Thus, $P(X \leq x-\varepsilon) \leq \lim _{n \rightarrow \infty} P\left(X_n \leq x\right) \leq P(X \leq x+\varepsilon)$

However, converse is not true. Here is a counterexample. Let the PDF $f_X (x)$ of $X$ be symmetric about $0$, i.e., $-X$’s PDF is also $f_X$. Define

\[\begin{aligned} X_n=\left\{\begin{array}{cc} X & n \text { odd } \\ -X & n \text { even } \end{array}\right. \end{aligned}\]

Clearly, $F_{X_n} = F_X$ for all $x$ in the support of $X$. But, $X_n \overset{P}{\not\to} X$ generally.

But, if $X$ is a constant random variable, then we can ensure the converse:

$\mathbf{Thm\ 4.}$ $X_n \overset{P}{\to} a$ $\Leftrightarrow$ $X_n \overset{D}{\to} a$.

$\mathbf{Proof.}$

Let $\forall \varepsilon > 0$ be given.

\[\begin{aligned} \displaystyle \lim_{n \to \infty} P [ \| X_n - a \| \leq \varepsilon ] & = \displaystyle \lim_{n \to \infty} F_{X_n} (a + \varepsilon) - \displaystyle \lim_{n \to \infty} F_{X_n} ( b - \varepsilon ) \\ = 1 - 0 = 1. \end{aligned}\]
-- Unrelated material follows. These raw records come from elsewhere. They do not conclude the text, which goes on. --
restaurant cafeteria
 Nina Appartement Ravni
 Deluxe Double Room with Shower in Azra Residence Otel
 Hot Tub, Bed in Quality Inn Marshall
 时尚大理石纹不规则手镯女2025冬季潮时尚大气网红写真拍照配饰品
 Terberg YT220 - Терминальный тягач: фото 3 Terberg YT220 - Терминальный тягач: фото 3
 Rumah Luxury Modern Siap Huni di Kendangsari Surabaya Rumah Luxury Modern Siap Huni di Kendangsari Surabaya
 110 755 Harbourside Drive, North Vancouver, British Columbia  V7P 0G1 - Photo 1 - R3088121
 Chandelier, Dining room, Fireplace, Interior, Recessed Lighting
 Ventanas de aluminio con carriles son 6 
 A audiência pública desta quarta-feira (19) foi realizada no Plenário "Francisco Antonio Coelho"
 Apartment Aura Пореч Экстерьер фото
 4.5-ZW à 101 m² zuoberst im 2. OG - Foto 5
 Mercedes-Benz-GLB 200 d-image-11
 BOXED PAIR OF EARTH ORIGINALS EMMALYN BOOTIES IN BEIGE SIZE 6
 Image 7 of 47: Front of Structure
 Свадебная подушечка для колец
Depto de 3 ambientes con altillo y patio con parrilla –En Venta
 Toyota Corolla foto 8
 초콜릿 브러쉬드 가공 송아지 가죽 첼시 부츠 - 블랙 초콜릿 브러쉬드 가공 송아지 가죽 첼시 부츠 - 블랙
$\mathbf{Thm\ 5.}$ $X_n \overset{D}{\to} X, Y_n \overset{P}{\to} 0$ $\Rightarrow$ $X_n + Y_n \overset{D}{\to} X$

$\mathbf{Proof.}$

\[\begin{aligned} P (X_n + Y_n \leq z) & = P (X_n + Y_n \leq z \cap |Y_n| < \varepsilon) + P(X_n + Y_n \leq z \cap | Y_n | \geq \varepsilon \\ & \leq P(X_n \leq z + \varepsilon) + P (|Y_n| \geq \varepsilon) \end{aligned}\]

Similarly,

\[\begin{aligned} P (X_n + Y_n > z) & = P (X_n + Y_n > z \cap |Y_n| < \varepsilon) + P(X_n + Y_n > \cap | Y_n | \geq \varepsilon \\ & \leq P(X_n \leq z - \varepsilon) + P (|Y_n| \geq \varepsilon) \end{aligned}\]

Done by sandwich theorem.

We often use this last result as follows. Suppose it is difficult to show that $X_n$ converges to $X$ in distribution, but it is easy to show that $Y_n$ converges in distribution to $X$ and that $X_n − Y_n$ converges to $0$ in probability. Hence, by this last theorem, $X_n = Y_n + (X_n − Y_n) \overset{D}{to} X$, as desired.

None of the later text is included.